This is a partial truth, whose ultimate meaning (or nonmeaning) the audience will not understand until the series has run its course. The "they" to which McNulty refers is the Baltimore police hierarchy, which, in the show, often as not stymies investigative creativity and success. This hierarchy's most representative figure is the Deputy Commissioner for Operations, William A. Rawls, who has pledged to end McNulty's career as soon as possible. Throughout the series, McNulty habitually achieves brilliant but Pyrrhic victories against the stultifying hierarchy of the police department. Due to his wayward hubris and fragmentary self-awareness, McNulty's triumphs often undermine the lives of family, friends, and even the investigations to which he had contributed his talents. His successes provoke disaster, and his disasters success, culminating in an illegal investigation in which McNulty falsifies crime in order to reroute official police resources toward an illegal wiretap case. An unlikely candidate for tragic grandeur, McNulty suffers and benefits from the pressing desire to know, from the same instincts for relentless investigative efforts that propel Oedipus to his recognition, fall, and blindness. Of all characters in The Wire, it is McNulty whose ingrained pertinacity most consistently and disastrously challenges the force majeure of institutional fate. It is his machinations beyond official channels that prompt the investigations that drive every season except the fourth. And it is he, with faults as flagrant as his curiosity and investigative aptitude, whom the institution's agents target most often for gratuitous retaliation.

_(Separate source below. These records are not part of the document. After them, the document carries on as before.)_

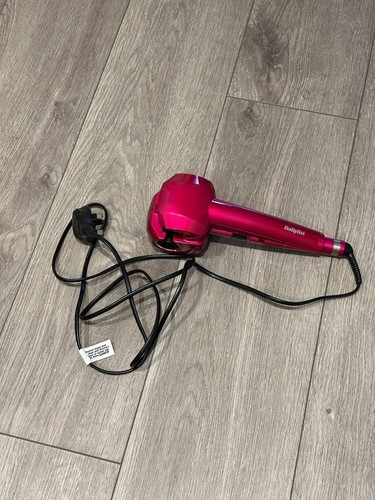 Babyliss curl secret rose gold - babyliss,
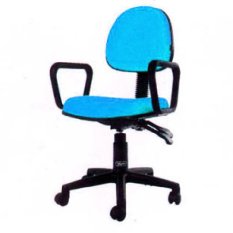 Savello Office Chair Regza GT1 - Cyan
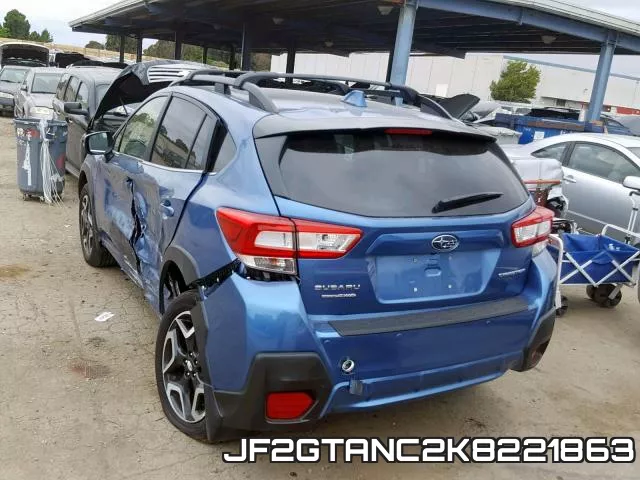 JF2GTANC2K8221863 фото 4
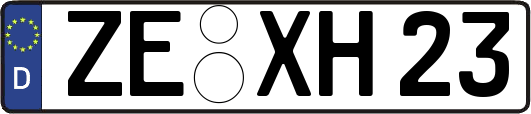 ZE-XH23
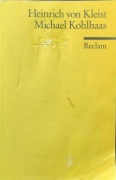 Michael Kohlhaas - Heinrich von Kleist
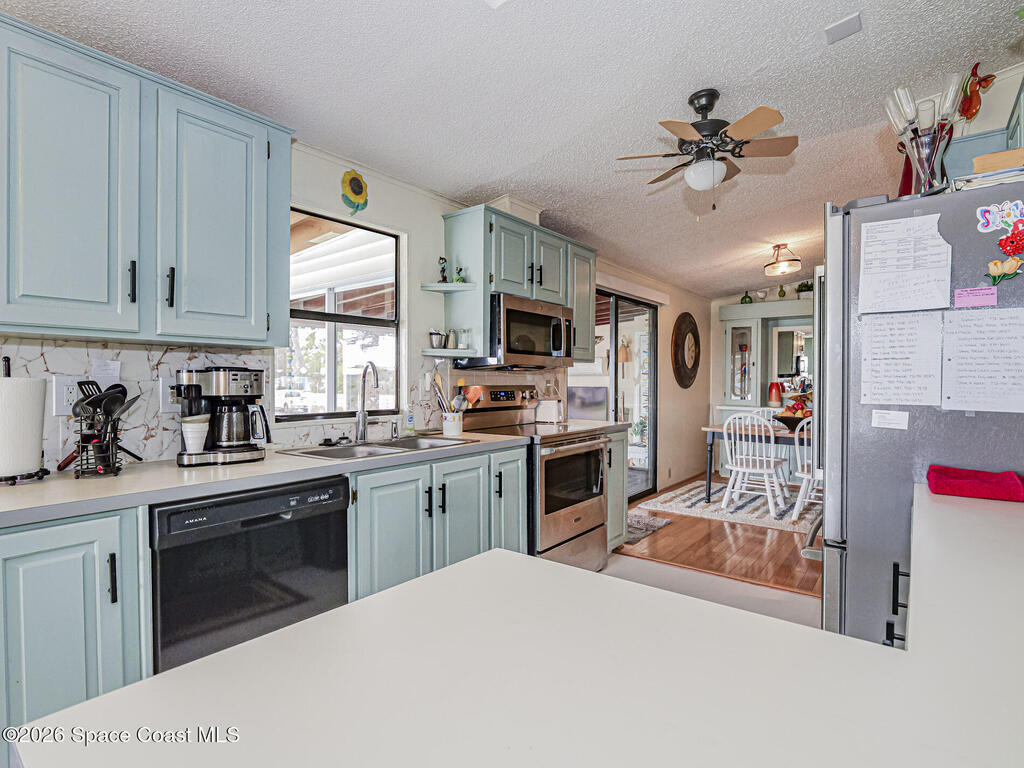 498 Marlin Circle, Barefoot Bay, FL 32976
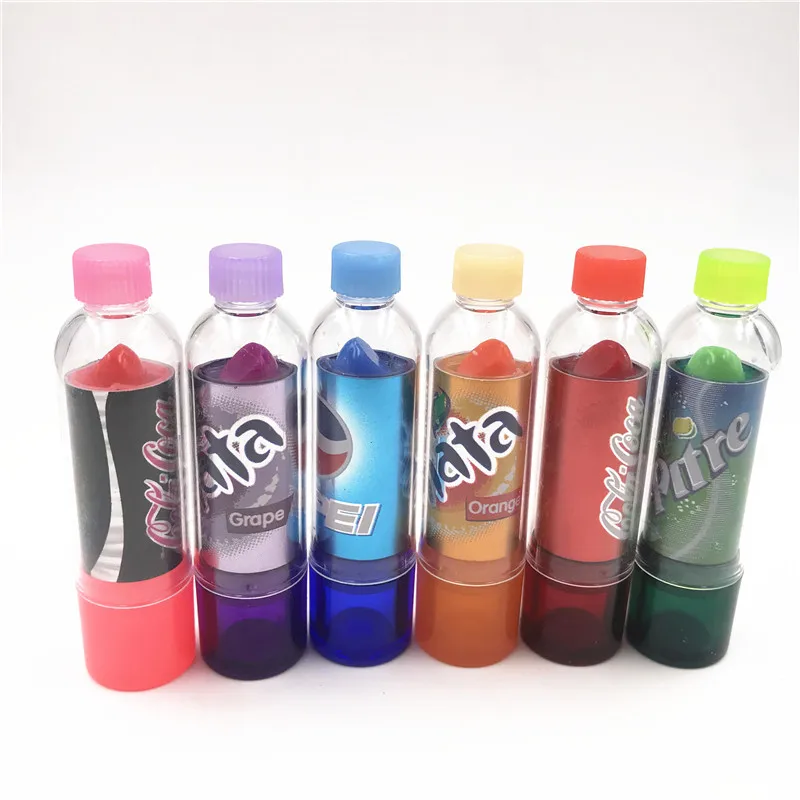 Women's Fashion Fantastic Coke Bottle Color Change Makeup Lipstick Long Lasting Hydrating cola Lipstick Lip Gloss Baby Lips N35
Women's Fashion Fantastic Coke Bottle Color Change Makeup Lipstick Long Lasting Hydrating cola Lipstick Lip Gloss Baby Lips N35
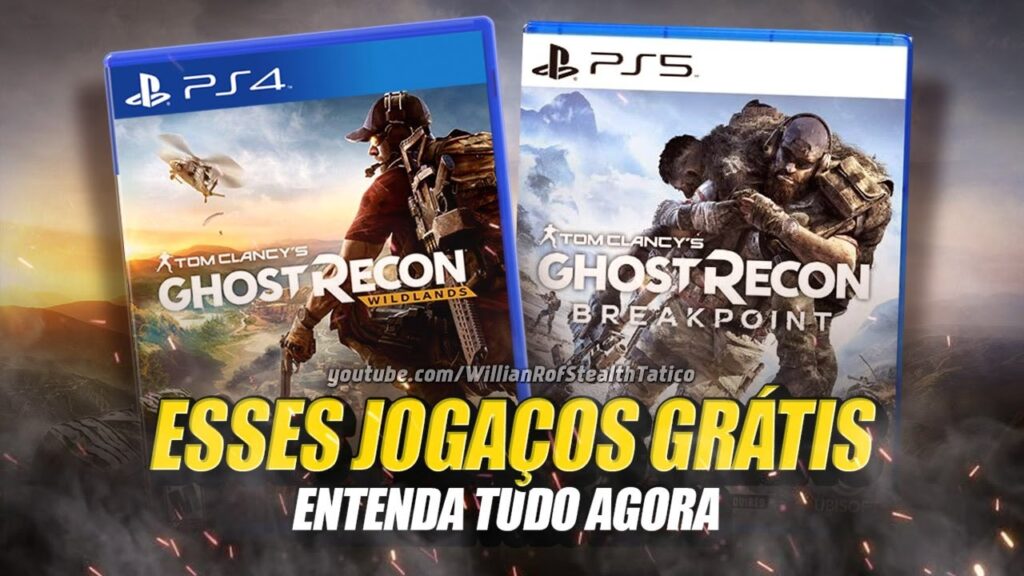 Como baixar e jogar beta de ghost recon wildlands no pc ps4 ou xbox one 1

McNulty's nemesis Russell "Stringer" Bell, the de facto chief financial officer of the Barksdale organization, serves as McNulty's tragic antithesis through the series. For the majority of the first three seasons, McNulty sacrifices everything but his life in order to investigate Bell, who continually avoids prosecution and capture. At the moment that McNulty is finally on the verge of tracing the city's drug money to Bell, the drug [End Page 493] lieutenant is undone by fractures within his own organization. Sold out to independent agents seeking revenge, Bell is shot down in the same condo development that was to serve as his springboard to legitimacy. For McNulty, Bell's death forestalled the moment of triumph when the brilliant investigator would catch his brilliant quarry and when the world would recognize this brilliance. Although he has been chewed up and spit out by the police department, his efforts are checked by an antagonist who is eventually consumed by the violence endemic to the illicit economy as much as by the graft and corruption of the supposedly legal political and business spheres. This is a representative instance in which an epigraph assumes its full meaning only after the audience understands contextual information to which a protagonist is not privy. After all, we first read the epigraph, "They can chew you up, but they gotta spit you back out," in the beginning of the second season, over twenty episodes before Bell is murdered.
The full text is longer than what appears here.